ActionSA Uncovers Worrying Vacancy Crisis in Public Healthcare System

ActionSA can reveal that as of July 2024, vacancy rates for crucial positions like nurses, medical doctors, and senior management across South Africa have reached crisis levels with the Northern Cape seeing an astonishing 44% of critical senior management roles unfilled and the Free State grappling with a staggering 22% shortage of doctors.

Through ActionSA’s Parliamentary Question to the Minister of Health, we have uncovered that 18.5% of medical doctor positions in Mpumalanga, 28% of nursing positions in the Northern Cape, and a staggering 44% of senior management positions in the Northern Cape remain vacant.

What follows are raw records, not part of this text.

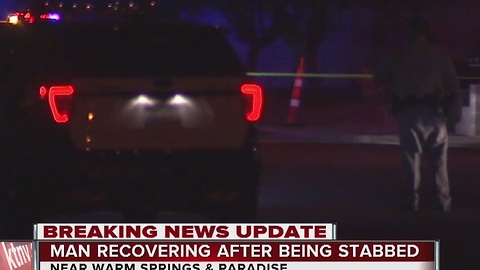 Man stabbed multiple times in domestic-related incident
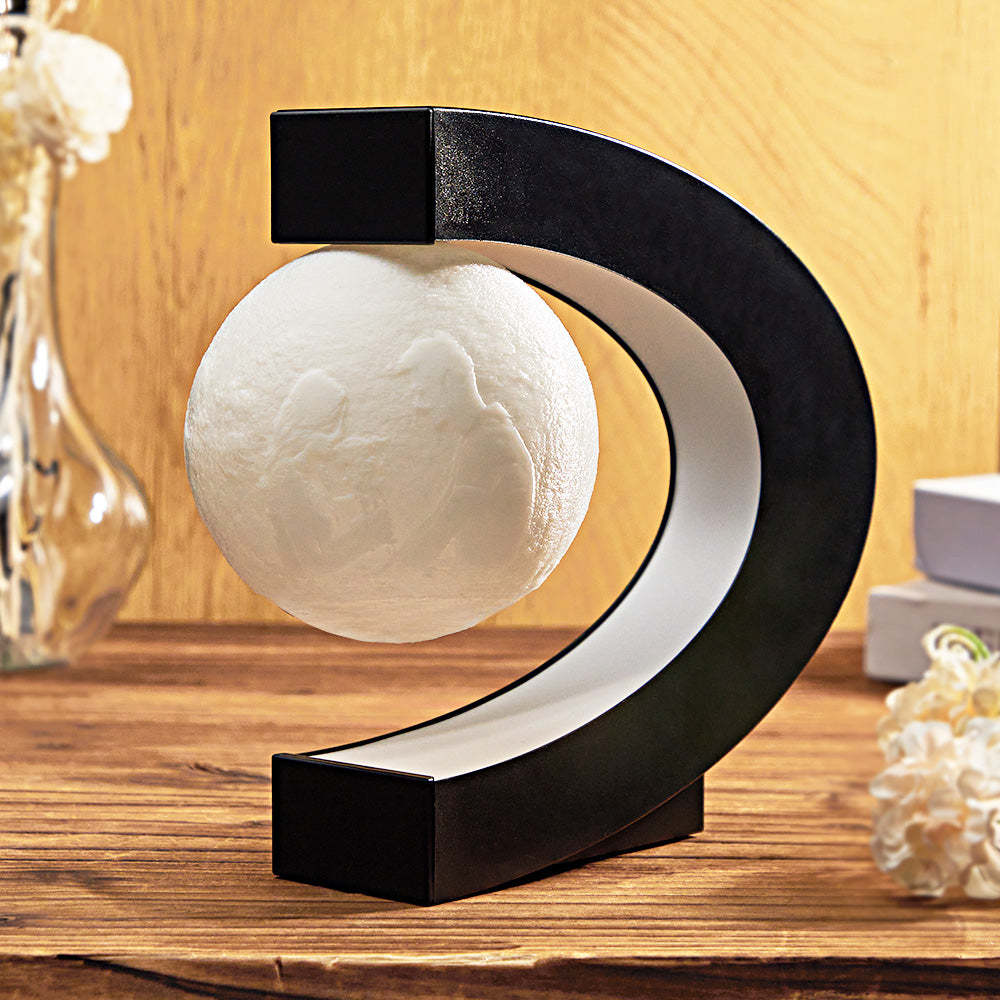 Custom Photo Magnetic Moon Lamp 3D Rotating Light Gift For Men - meinemondlampe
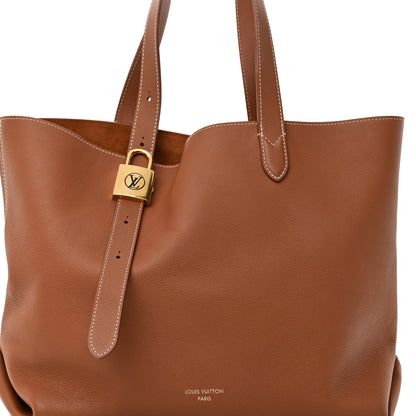 Louis Vuitton Grained Calfskin Low Key Cabas MM Cognac 9 of 11
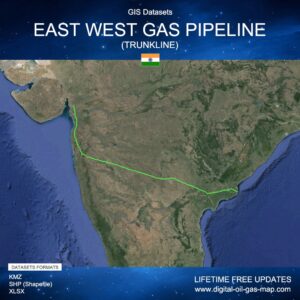 [Product Image] GIS Datasets of East West Gas Pipeline (Trunkline) · India
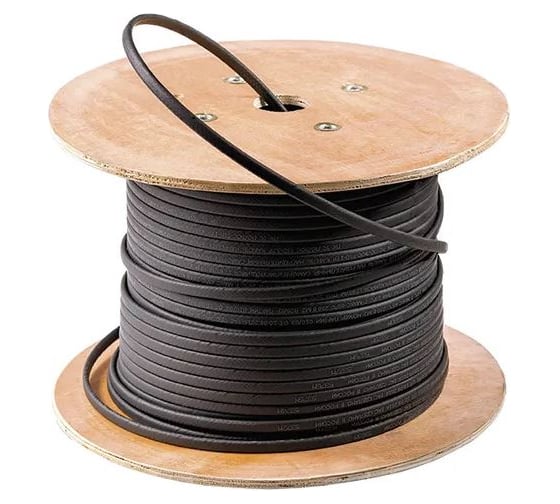 Саморегулирующийся нагревательный кабель EKF HSR-17F (17 Вт/м) 200 м, фторопласт HSR-17F-200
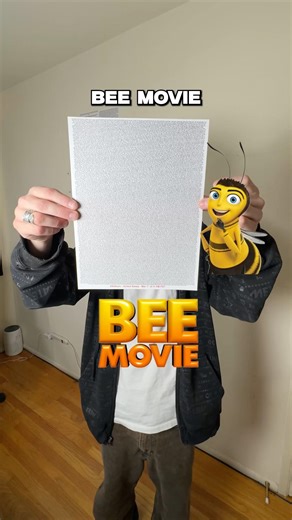 The entire bee movie script got added to the wall #internet #theinternet #internetculture #memes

As a consequence of the high vacancy rates, the quality of care is undoubtedly undermined, coupled with staff burnout, low retention rates, and a surge in medical malpractice lawsuits. The reality is that overworked and under-resourced hospitals are paying the price, with nearly R24 billion having been paid out in medical legal claims since 2020.

Indicative of a public healthcare system in decline, ActionSA believes that this crisis is further evidence of the Government’s continued failure to capacitate our public healthcare sector, where rampant corruption, ineffective management, inappropriate use of resources, and crumbling infrastructure remain ubiquitous features of our healthcare system, with seemingly no plan to overcome the weight of these challenges.

Furthermore, ActionSA is concerned that this revelation pertains only to funded posts and not the ‘needed’ posts in our public healthcare system that are unfunded. As such, the Government must urgently determine what is needed to maintain and expand access to quality healthcare versus what is currently funded. This exercise must be used to quantify the insufficiency of human resources across South Africa’s healthcare system, while also accounting for the burden placed on our healthcare system by the influx of foreign nationals.

ActionSA has long argued against the fact that while ordinary South Africans bear the brunt of a broken public healthcare system, Parliamentarians and the Executive enjoy private healthcare at the taxpayer’s expense, sparing them from the decaying public system they oversee.